3 – If you do decide to go the makeup route, ALWAYS wash your face before you go to bed even if you’re having a sleep over with a dude. No matter how good you think you look, I can promise you that when you roll over in the morning, homeboy is going to notice the black streaks bleeding from your eyes and the lipstick smeared all over your face.
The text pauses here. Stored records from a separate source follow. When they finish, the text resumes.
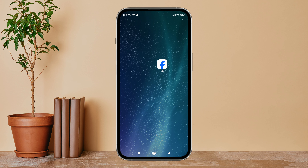Hello everyone, welcome back to another episode of Technology Glance. Today in this video I'm going to guide you through how you can receive notifications for joined groups on Facebook Lite. So let's get started. Firstly, open the Facebook Lite app in your device.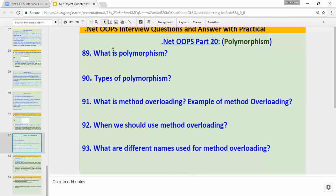I hope you liked my video. These are the five questions I covered. In the next video we'll see overriding, which is another important topic. If you like my videos please subscribe, and if you have any questions or suggestions please leave a comment or send me a mail. As always, thanks for watching. Goodbye.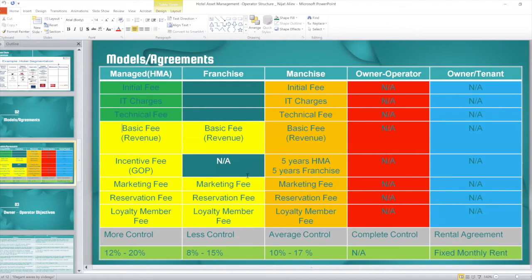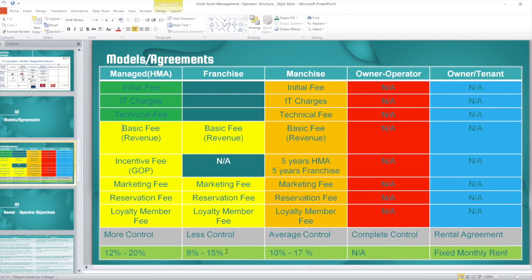In the franchise model, the owner controls the hotel and makes all decisions. You need to be a qualified person from the industry who knows how to run a hotel. The remaining fees — marketing, reservation, and loyalty — still apply. Because of the less control involved, franchise fees drop to approximately 8 to 15 percent depending on the brand and continent, according to HVS consultants.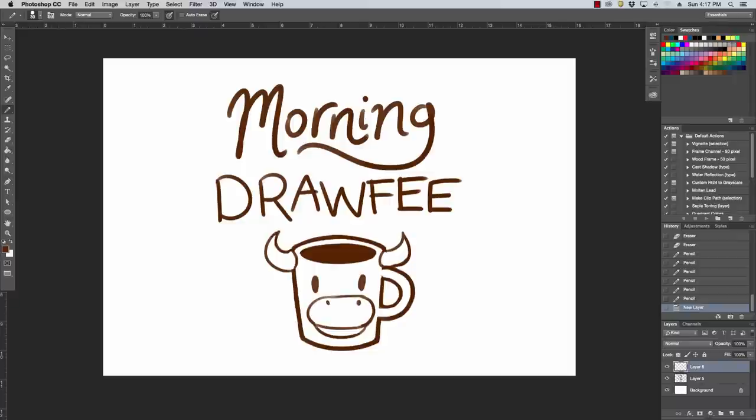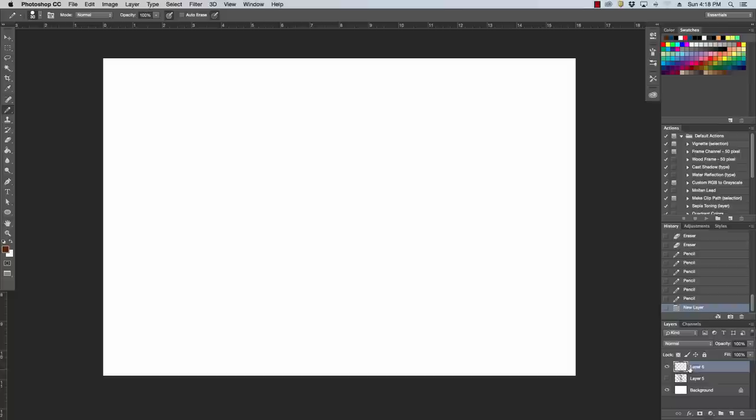Welcome to Morning Drawfee where we take your dumb suggestions and make even dumber drawings. I'm Caldwell. I'm Nathan. You're gonna have to forgive us, Nathan and I, we've had a long week.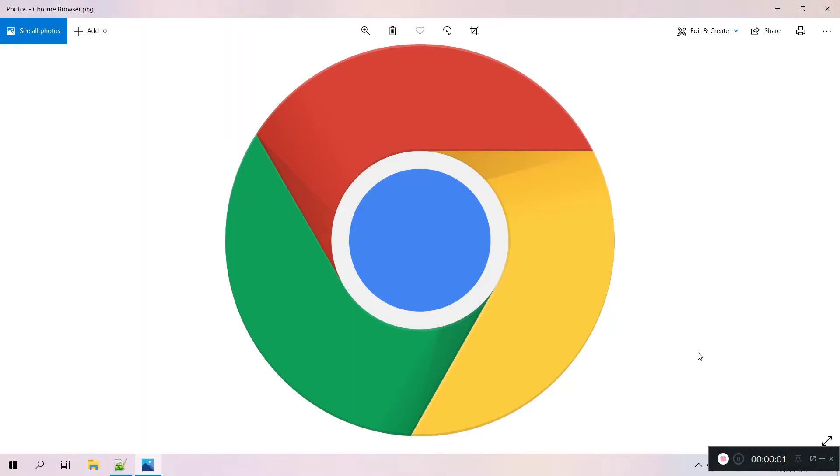Hey everyone, welcome back. This is Satya from Java Beam. In this video, I'm going to demonstrate how to install Google Chrome browser on your Windows 10 laptop or desktop. To install Chrome, we need any other browser which is available in your machine.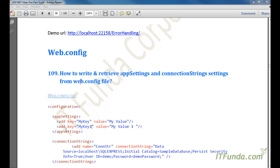In this video we are going to talk about the web.config file. The web.config file is a configuration file related to the application, and it can be used to store application-specific settings — any data you want to store related to the application, such as database connection strings, session state, error handling, security, and authentication settings. We are going to learn how to write and retrieve app settings and connection string settings from the web.config file.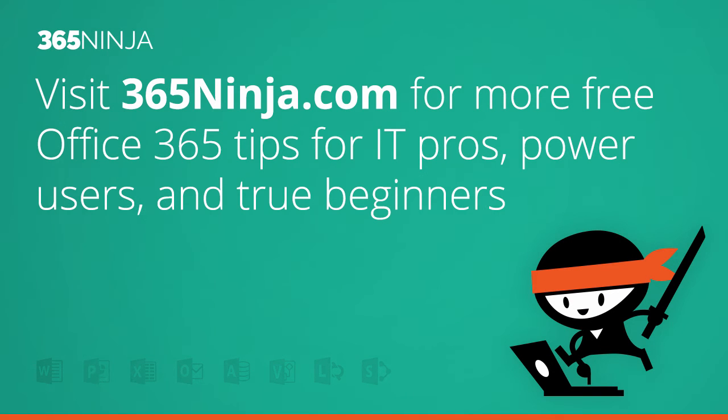So a couple different ways you can share. Hope this tip helped. If you have questions on calendar sharing or anything else Office 365, please check back with 365ninja.com. Thanks!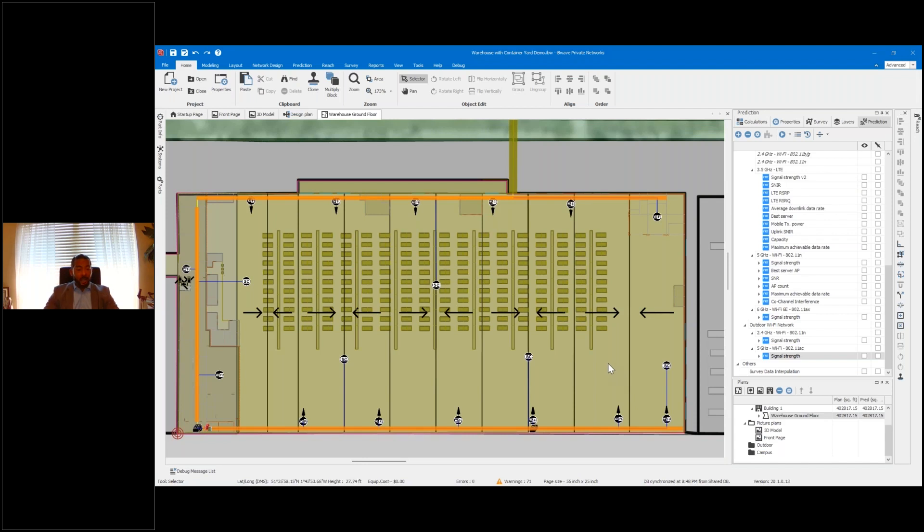...as well as diffractions and refractions. All those need to be taken into account to provide an accurate design for your venue.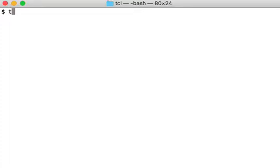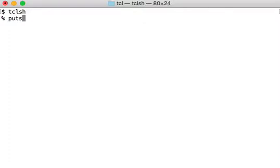To start the TCL shell — now we want to do some printout to the screen. We can print out some text, and the first thing you do when you learn a new language is hello world. So write 'puts', which is for printing out text, and then the text you want to print: hello world. If you're lucky it will echo this for us when we press enter.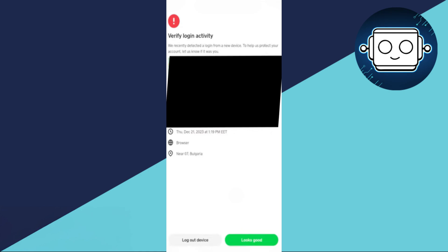Once confirmed, Cash App will update its records and the transaction should proceed without further issues. So that's basically how you can fix Cash App Bitcoin withdrawal cancelled.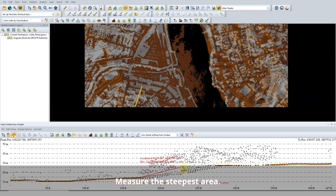Slope can also be measured in the Path Profile tool. Set the steepest slope in your dataset, as values lower than that will be excluded from the results.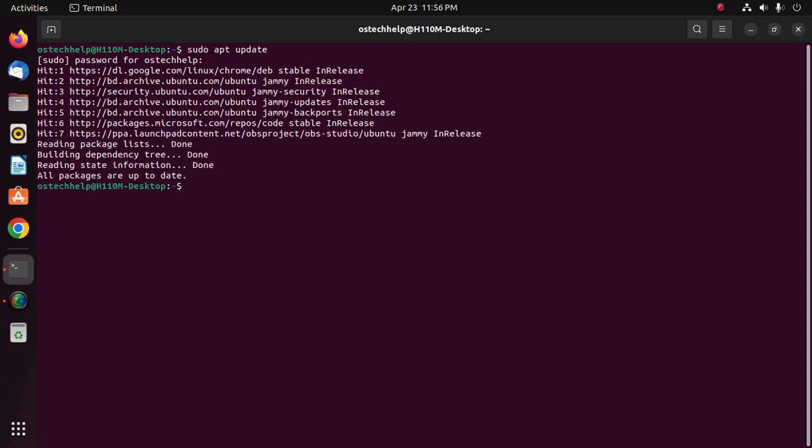Okay, now enter this command to install MinGW: sudo apt install mingw-w64. Hit enter.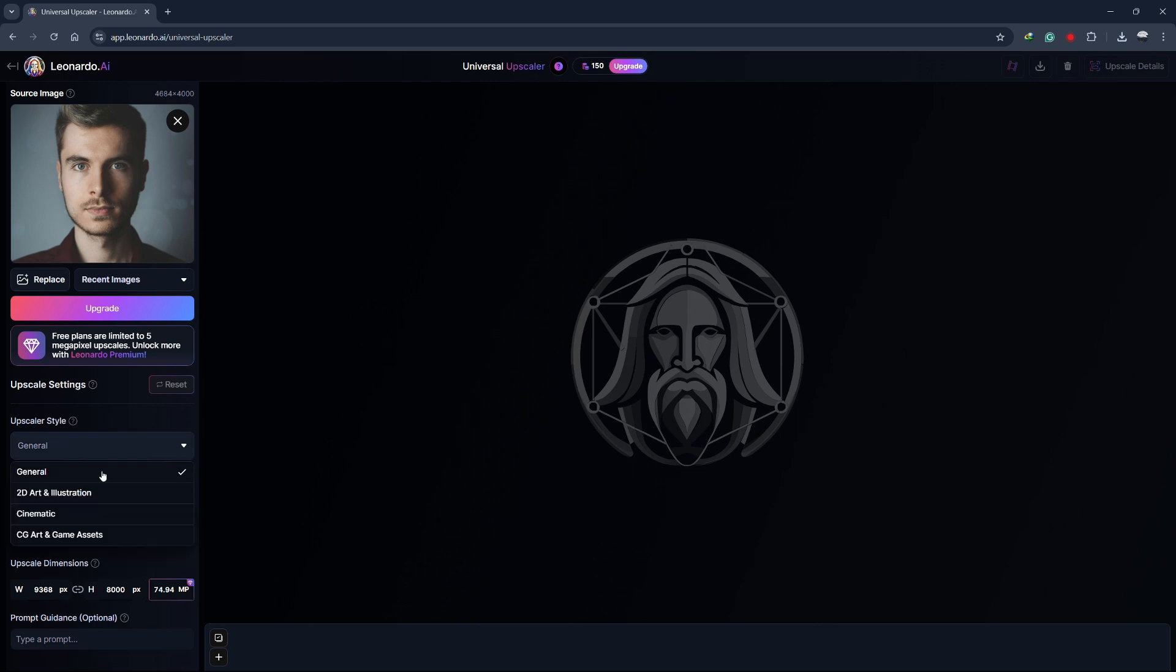This option affects how the image looks after it's been enlarged. The style won't make major changes to the image, but it will introduce subtle differences.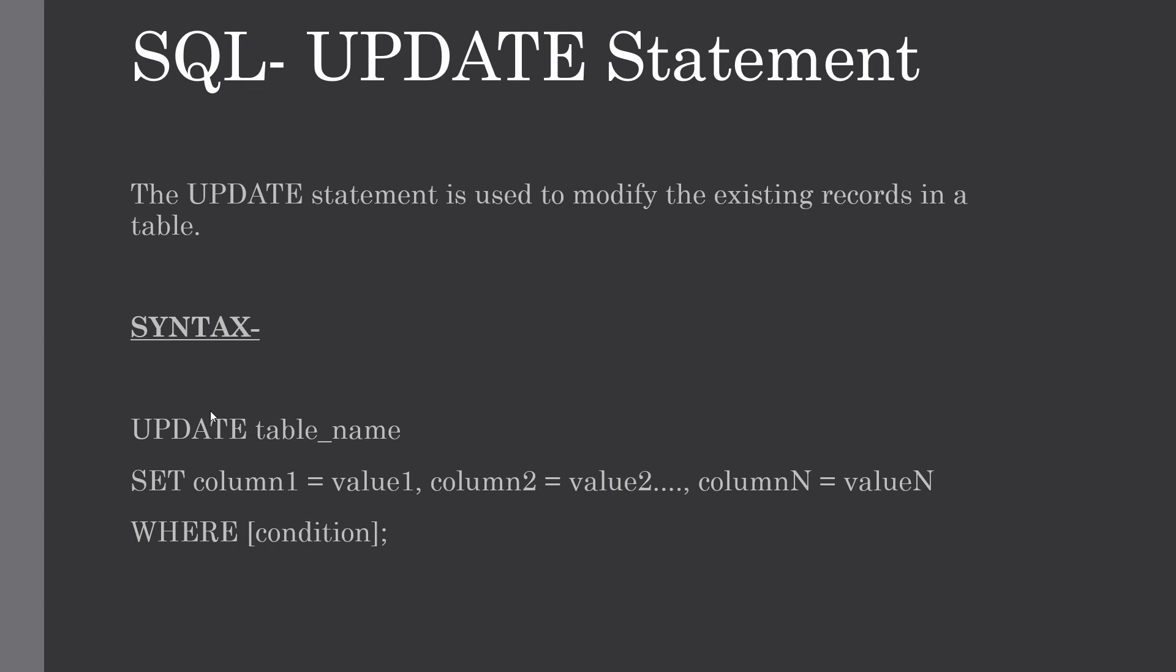This is the basic syntax of UPDATE statement. Let me show you with some examples.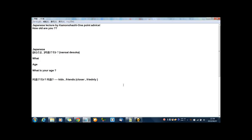And more politely, いくつですか? いくつですか? Actually, いくつ means how many. So, how many age do you have? Like this. いくつですか?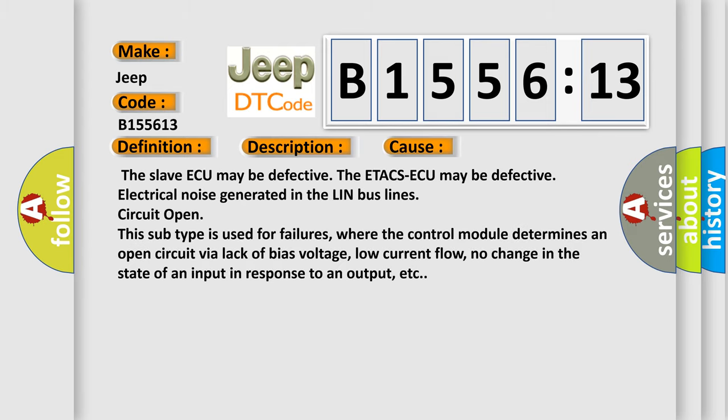This diagnostic error occurs most often in these cases: The slave ECU may be defective. The ETACS ECU may be defective. Electrical noise generated in the LIN bus lines. Circuit open.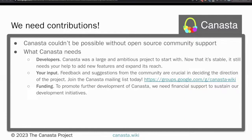To keep Canasta thriving, we have three asks. First, Canasta always appreciates new development contributions — the more contributors and users, the better for everybody. Second, the future of Canasta is up to the community — join the Canasta mailing list at groups.google.com/g/canasta.wiki and attend our biweekly cadence meetings on Thursdays at 1700 UTC. The mailing list is where you can make important decisions for the future development direction and get details on joining biweekly Zoom meetings.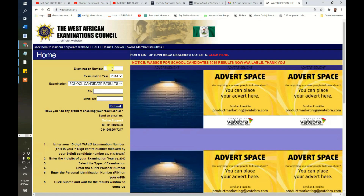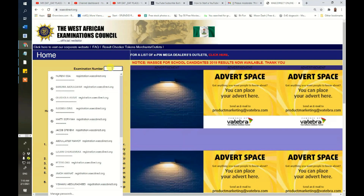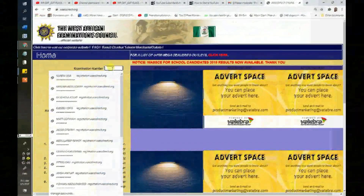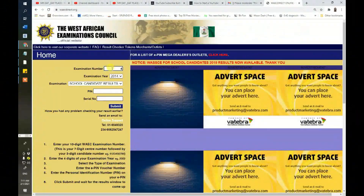How to differentiate between a private candidate and a school candidate — a GCE student and a normal regular student — using the exam number. Usually, school candidates' exam numbers start with four: either four zero, four one, or four two. Once you see that, you know that exam number is for school candidates.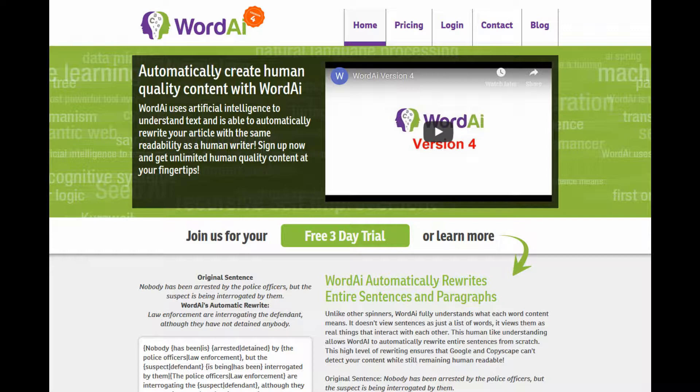Now let me be clear here. I'm not advocating that you steal someone else's content and just spin it as your own. In fact, I don't recommend you just take the output from Word AI and post it on your site as is — you're not going to rank very well in the search engines that way. Think of Word AI as your starting point. You still need to massage the content, add your own viewpoints and make it your own. However, using Word AI can definitely speed up your content creation process.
4 – If you’re known for something, own it. Example: Over the years I’ve earned the reputation of being accident prone and well, border-line mentally challenged. Do I get mad and correct people and/or sit at home crying at night about my pathetic existence? Of course not! Instead, I start documenting that shit and blast it on the internet to launch myself into blogger stardom.

Sure, I almost died making a grilled cheese last year and was the first and only person in the history of Falmouth High School to use the “eye wash station” in Biology because I got a piece of frog caught in my eye – but if that shit didn’t happen then I’d have nothing to blog about!


5 – Figure out a way to spin every situation into a good one. You got dumped? Start a blog that reaches 10,000 followers in less than two months. Lose your job? Use your spare time to follow the dream you might not have had the guts or time to before; like stripping. Feeling down because all your friends are engaged/married and you’re living alone with nothing to keep you company but wine and Lifetime? Study sharks. You get the point – something shitty happens; hide the Venus razor and do something to cheer yourself up, psycho. Pizza usually helps.

6 – Read. A lot. And I just don’t mean The Glitter Ginger or the latest Nicholas Sparks (<–what are you, 9?) Read books, articles and magazines that aren’t necessarily in your comfort zone or of interest to you. I recently started getting into books about World War II and Seal Team 10 – sure, the closest I’ve come to war in real life is sleeping with a marine, but that doesn’t mean that I shouldn’t educate myself on history. Education is the key to life – and if that key doesn’t open the door you’re trying to get through then at least be pretty and hopefully strong enough to kick that mother fucker down.